What the exercise asks
Once the line holding "You want to" is found, output it and all remaining lines of the data exactly, with every picture left out.

Raw data
####################
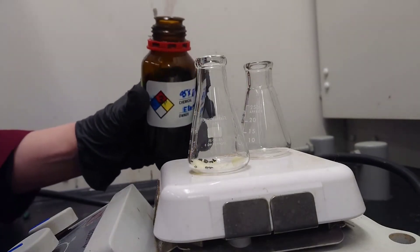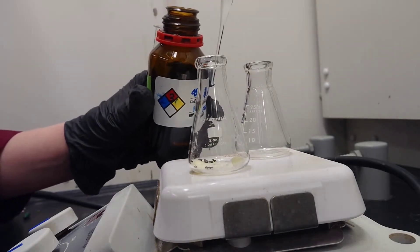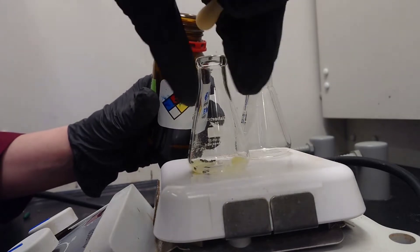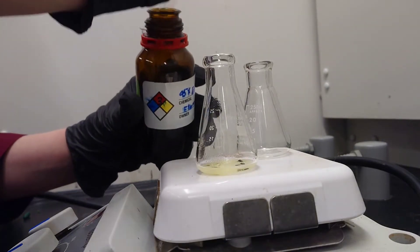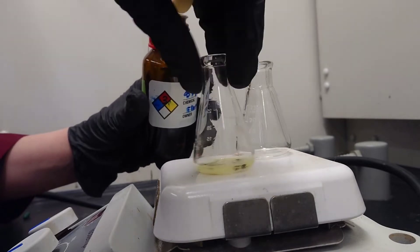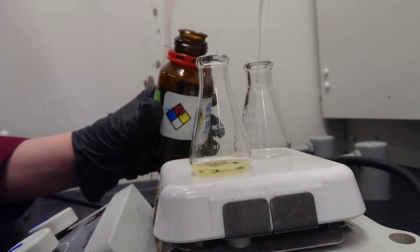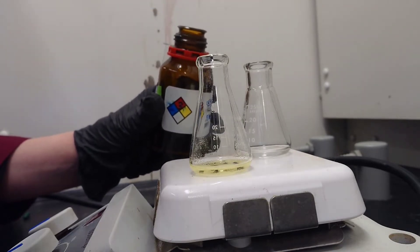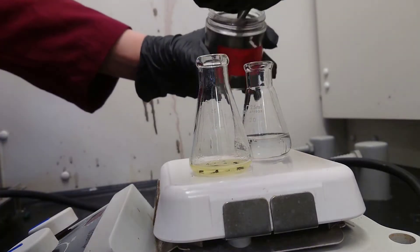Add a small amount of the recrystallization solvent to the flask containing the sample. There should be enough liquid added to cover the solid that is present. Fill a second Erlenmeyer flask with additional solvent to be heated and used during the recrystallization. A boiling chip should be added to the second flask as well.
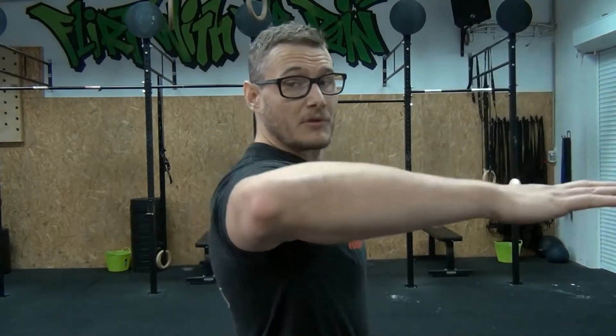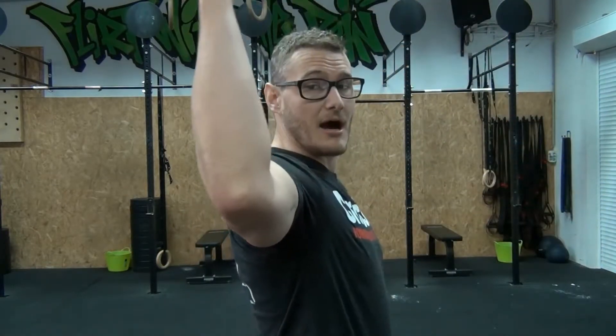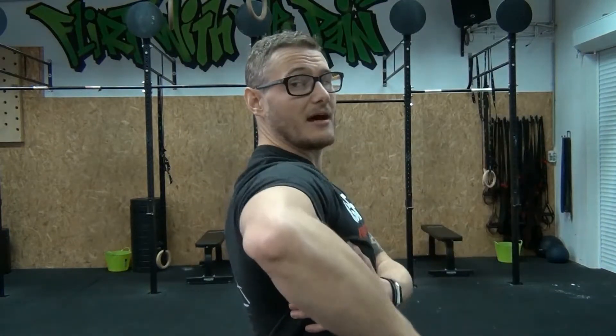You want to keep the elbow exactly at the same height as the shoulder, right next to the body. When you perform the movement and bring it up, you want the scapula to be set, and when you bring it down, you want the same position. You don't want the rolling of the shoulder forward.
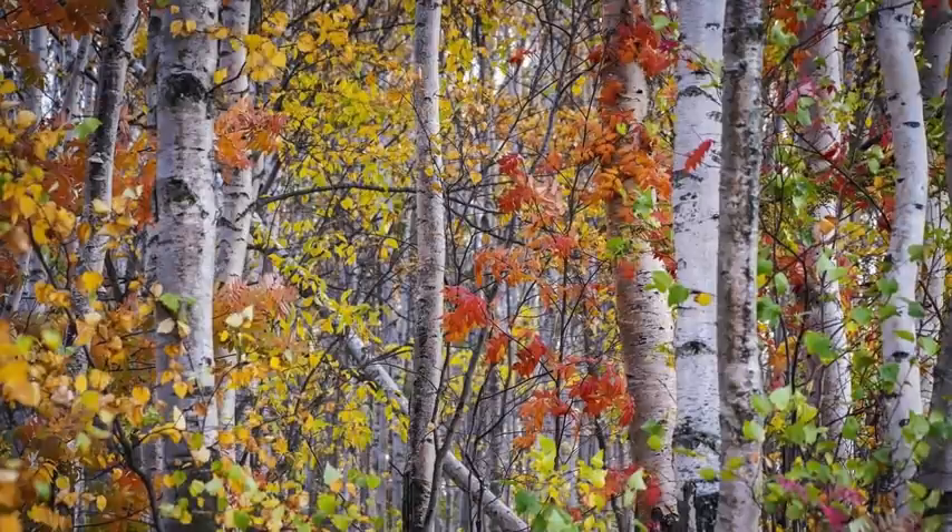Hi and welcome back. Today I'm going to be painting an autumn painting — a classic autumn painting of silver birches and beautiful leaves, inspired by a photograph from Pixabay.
####################
Task output
You want to keep the elbow exactly at the same height as the shoulder, right next to the body. When you perform the movement and bring it up, you want the scapula to be set, and when you bring it down, you want the same position. You don't want the rolling of the shoulder forward.
Hi and welcome back. Today I'm going to be painting an autumn painting — a classic autumn painting of silver birches and beautiful leaves, inspired by a photograph from Pixabay.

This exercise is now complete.